Un pilier du parti Renaissance dans la capitale ne croit pas non plus au scénario Kill Bill, où tout le monde s’entretue. Il pense que Rachida Dati cherche avant tout à négocier, en vue du scrutin de 2026. « Ils vont trouver une issue. Au moins elle fait monter les enchères. C’est l’occasion pour elle d’avoir investiture LR pour les municipales en disant « ok, j’y vais pas, mais vous me donnez investiture » », décrypte cet élu. Quant à Clara Chappaz, certains imaginent chez Renaissance qu’elle pourrait être « suppléante de Barnier à la fin ». On rappelle au passage à Michel Barnier que « la circo était Renaissance depuis 2017 ». Mais on craint un effet de bord, en vue des municipales : « Si Dati est candidate LR à la législative partielle, il sera difficile de discuter avec elle parce qu’elle sera étiquetée LR », souligne-t-on, alors que l’objectif de la ministre est d’avoir aussi l’investiture Renaissance pour les municipales, indispensable pour gagner.

« Dati ne va pas prendre le risque de perdre la législative avant les municipales à Paris, ce serait suicidaire »

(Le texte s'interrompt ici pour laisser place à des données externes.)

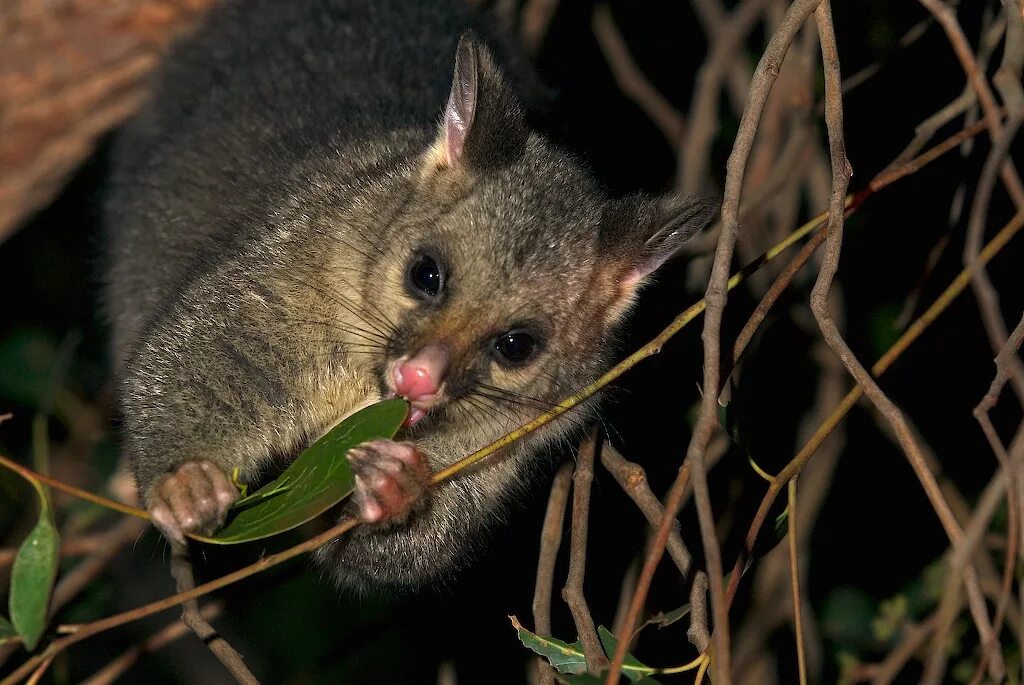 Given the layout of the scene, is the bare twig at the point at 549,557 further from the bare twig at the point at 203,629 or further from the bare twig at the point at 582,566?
the bare twig at the point at 203,629

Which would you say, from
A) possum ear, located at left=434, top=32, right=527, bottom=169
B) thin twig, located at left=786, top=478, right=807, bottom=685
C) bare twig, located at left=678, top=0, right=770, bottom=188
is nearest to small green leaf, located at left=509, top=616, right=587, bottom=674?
thin twig, located at left=786, top=478, right=807, bottom=685

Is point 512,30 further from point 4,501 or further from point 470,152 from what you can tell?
point 4,501

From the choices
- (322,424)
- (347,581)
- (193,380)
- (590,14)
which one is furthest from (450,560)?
(590,14)

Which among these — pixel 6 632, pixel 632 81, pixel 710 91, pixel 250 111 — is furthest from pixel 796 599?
pixel 632 81

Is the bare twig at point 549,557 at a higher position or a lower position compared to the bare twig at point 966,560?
higher

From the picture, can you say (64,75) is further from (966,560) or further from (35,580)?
(966,560)

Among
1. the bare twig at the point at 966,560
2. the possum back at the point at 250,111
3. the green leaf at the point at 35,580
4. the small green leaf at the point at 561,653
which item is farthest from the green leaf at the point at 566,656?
the possum back at the point at 250,111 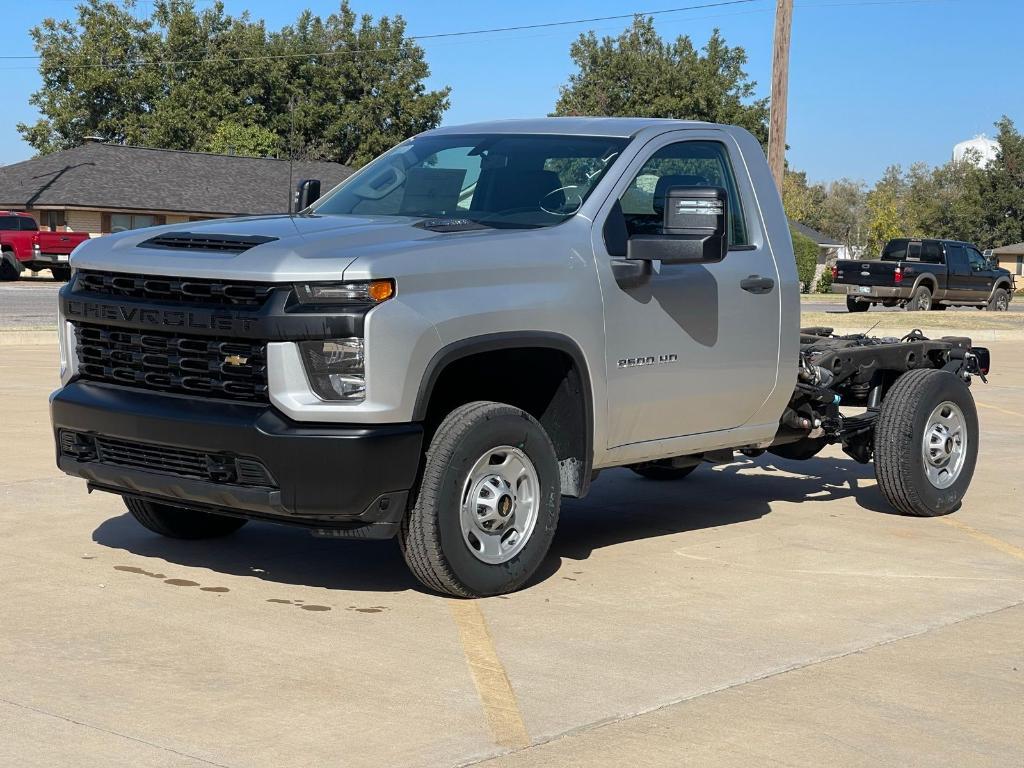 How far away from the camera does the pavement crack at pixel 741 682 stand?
4574 mm

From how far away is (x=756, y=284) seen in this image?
25.2 feet

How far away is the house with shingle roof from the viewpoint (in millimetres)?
57594

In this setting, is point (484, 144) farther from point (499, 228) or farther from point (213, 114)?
point (213, 114)

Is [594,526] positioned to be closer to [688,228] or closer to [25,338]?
[688,228]

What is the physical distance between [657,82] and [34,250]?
43.9 meters

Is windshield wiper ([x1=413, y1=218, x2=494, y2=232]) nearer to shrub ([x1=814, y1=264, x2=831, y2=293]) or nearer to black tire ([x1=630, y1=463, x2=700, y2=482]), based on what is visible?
black tire ([x1=630, y1=463, x2=700, y2=482])

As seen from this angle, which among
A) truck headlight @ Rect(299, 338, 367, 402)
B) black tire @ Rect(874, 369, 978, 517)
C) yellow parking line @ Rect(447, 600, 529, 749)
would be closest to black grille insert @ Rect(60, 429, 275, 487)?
truck headlight @ Rect(299, 338, 367, 402)

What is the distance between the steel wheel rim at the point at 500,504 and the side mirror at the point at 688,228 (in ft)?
3.78

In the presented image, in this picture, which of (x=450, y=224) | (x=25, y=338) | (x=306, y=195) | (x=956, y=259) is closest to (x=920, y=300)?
(x=956, y=259)

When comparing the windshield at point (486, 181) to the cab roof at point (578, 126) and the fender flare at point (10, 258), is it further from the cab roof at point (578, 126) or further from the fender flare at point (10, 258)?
the fender flare at point (10, 258)

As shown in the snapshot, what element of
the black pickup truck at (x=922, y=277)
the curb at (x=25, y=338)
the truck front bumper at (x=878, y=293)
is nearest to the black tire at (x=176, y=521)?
the curb at (x=25, y=338)

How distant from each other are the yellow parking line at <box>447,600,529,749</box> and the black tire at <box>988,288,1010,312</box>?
35.8 metres

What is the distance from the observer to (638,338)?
7023mm

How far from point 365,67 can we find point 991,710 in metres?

Un proche de Michel Barnier ne voit pas non plus l’ancienne sarkozyste aller au bout. « Rachida Dati, je ne crois pas une seconde à sa candidature. Elle ne va pas prendre le risque de perdre la législative avant les municipales à Paris, ce serait suicidaire. Faudrait qu’elle quitte le gouvernement en septembre et la mairie du 7e. Ce serait idiot. Et s’il y a une dissolution en fin d’année, son mandat est remis en cause. Et pour être candidate ensuite aux municipales, c’est quoi le projet ? » interroge ce fidèle.

Il faut maintenant laisser retomber l’agitation et les coups de fil se passer. Les regards sont tournés vers la CNI des LR, qui devra trancher entre Rachida Dati et Michel Barnier. Elle est prévue le lundi 28 juillet. Il faudra peut-être prévoir des casques, au cas où.